Community ball in BC (younger than High School) is almost always 3 down, Cdn rules. High School ball in BC is ALL 4 down NFHS US rules. Junior and UBC (Simon Fraser is still NCAA Div II, although after 30 odd straight losses they may want to reconsider) is 3 down Cdn Rules.
Long time lurker, and so I set up an account to correct some inaccuracies here.
All Community football in BC plays CFL rules. (There are a few differences for the younger kids, for example in Flag and Atom 2 points are awarded for a kicked convert and 1 for scoring by crossing the goal line. Atom, at least used to, play with 9 players per side on a narrower field). Community football is organized for kids as young as 6-7 (flag) up to 17-18 year olds (Midget).
All High School football in BC uses NCAA rules. Some kids in high school play both High School and Community but this depends on the coaches, many who do not let their players play both.
SFU does play in NCAA Division II, but their problems competing relates more to their difficulty in recruiting kids out of BC high school, rather than the quality of football in BC. From the kids I know personally who went on to play CIS, SFU is considered a disaster program administratively and they have not had stable coaching. Also, its not so attractive having to ride the bus to Arizona or California, most of these kids have travelled enough by bus by the time they finish high school. A big part of switching to Div II was to cut traveling costs. UBC has to use Air Canada or West Jet for all of their away games.

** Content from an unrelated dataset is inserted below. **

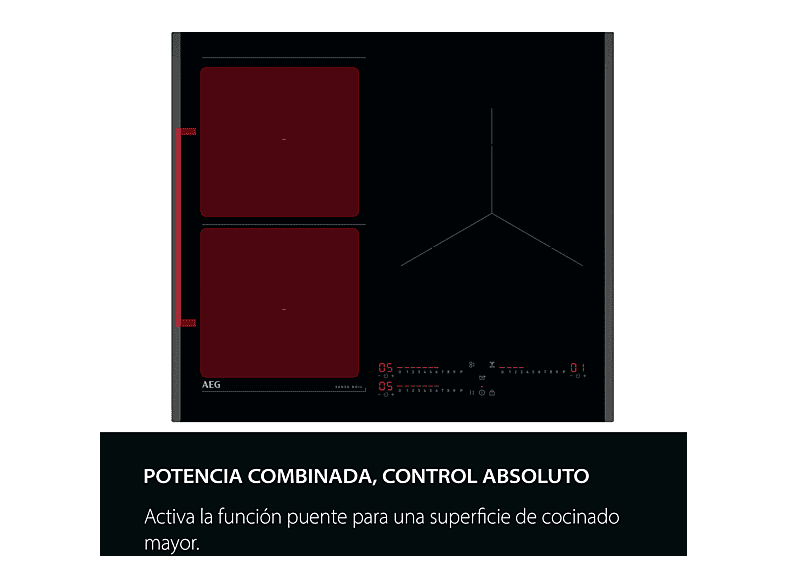 Placa inducción - AEG TI63IQ1BFB, 3 zonas, Zona grande 28 cm, Sensor de ebullición, 59 cm, Negro — foto 4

With all due respect, your "corrections" are not entirely accurate. Community ball in BC does NOT play CFL rules, they play Cdn Amateur rules as the two are significantly different. The variances you mentioned for Atom are known as "house rules" and are quite common in many cities across Canada.
High School football in BC use NFHS (National Federation of High Schools) rules, which are slightly different than NCAA, and I know this as I officiated in BC and did both 3 and 4 down ball for a few years.
Regardless, welcome to the forum. Look forward to further posts going forward.